My family and friends were very supportive of my changes. No one doubted my decision to retire early. If anything, they knew how hard I had worked for so many years and felt it was time to slow down and reap the benefits.
What does your day-to-day life look like now?
Today, my days are very different. I still set an alarm – but instead of waking up at 5:30 a.m., I wake up at 7:30 a.m. I exercise more – almost every week day.
I spend my mornings reading The New York Times (I’m an avid fan), going to yoga classes or teaching yoga. I haven’t committed to a full-time yoga instructor position, I am a sub or do short-term classes, so I can remain flexible if I want to travel.
Speaking of travel, because I have more flexibility I can do more traveling – both for my blog or just on my own. I spend afternoons blogging and sharing what I’ve learned with my readers – whether it’s about interesting articles I’ve read, places I’ve been or events I’ve attended.

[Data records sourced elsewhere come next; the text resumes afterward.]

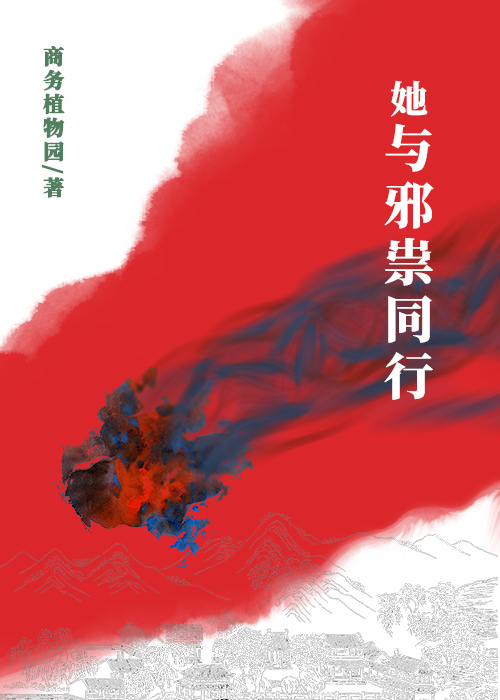 她與邪祟同行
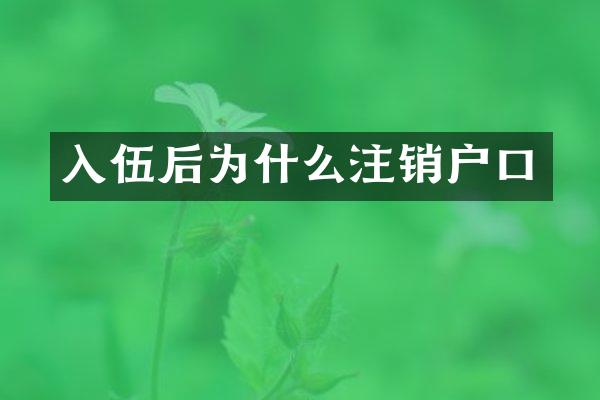 入伍后为什么注销户口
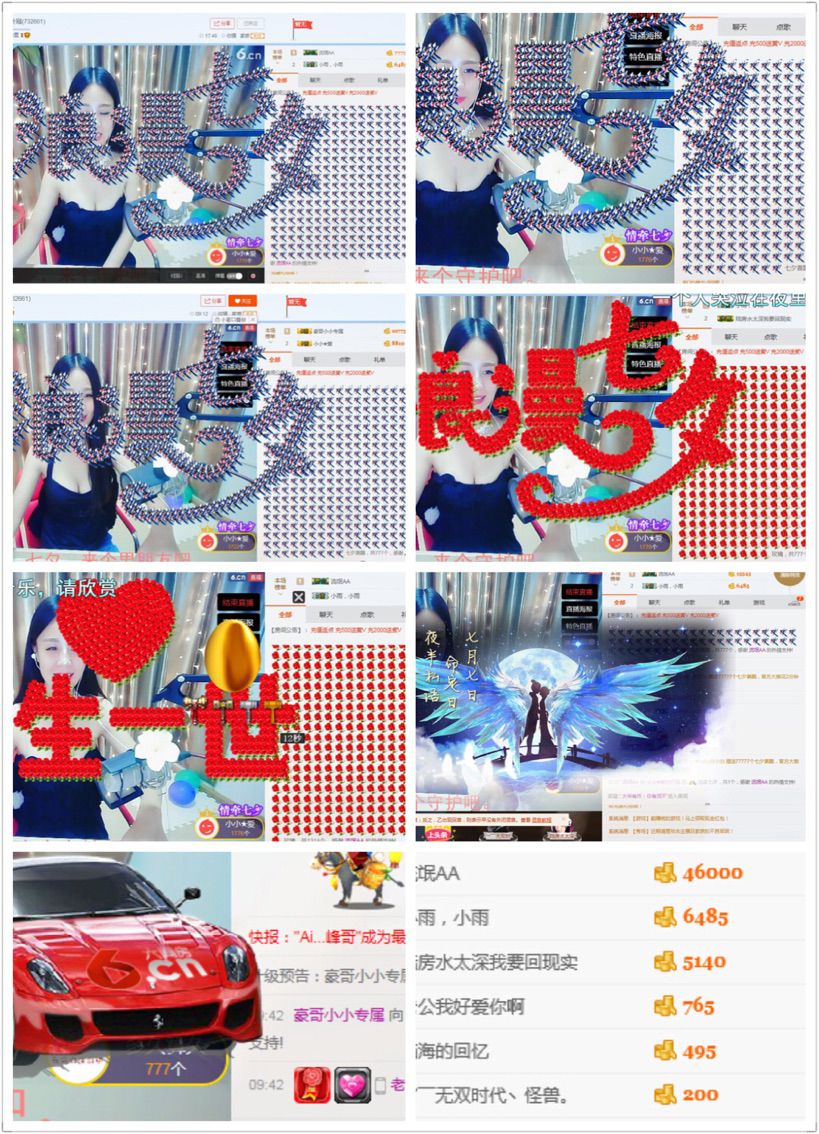 🌺小小🌺生病住院的主播照片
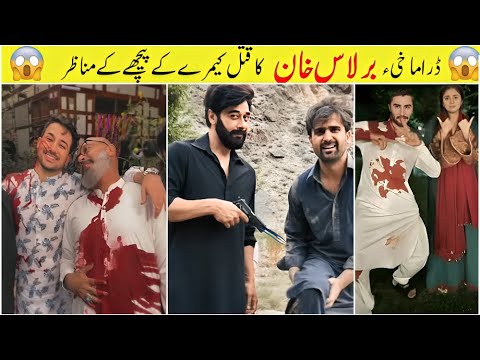 Khaie Episode 16 Behind The Scenes  | Durefishan Saleem | Khaie Episode 17 Teaser Har Pal Geo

I don’t work during the evenings. They are for relaxing now, spending time with my boyfriend or my family and friends.
My flexible schedule allows me time to visit my adult children. My daughter now lives in Minneapolis and my son is in New York City.
Judy and her kids
What do you think your 35-year-old self would say if she saw your life today?
I think she would be happy for me. She would be proud of the new me who has created a more balanced life – someone who is taking care of herself, while still giving, sharing, and caring for others.
What tools, books, websites, resources have helped you navigate this?
I worked with AARP when they launched their “Life Reimagined” Campaign. There’s a book that goes along with the program. I thought their tools for reinventing your life were helpful.
What have you learned from this that ANY of us could apply to our daily lives?
The biggest “ah ha” moment for me was around my yoga and mindfulness – how important it is to fully embrace the present moment.
You cannot change the past nor can you predict the future. Learn how to bring joy to the now. Click To Tweet Focus on what brings you joy in each moment and enjoy it!
And most of all, when you get stressed, take time to “stop, breathe, and be.”
Thank you so much for sharing your story, Judy! Do you have any questions for her? Have any of you made huge life changes ‘later’ than usual?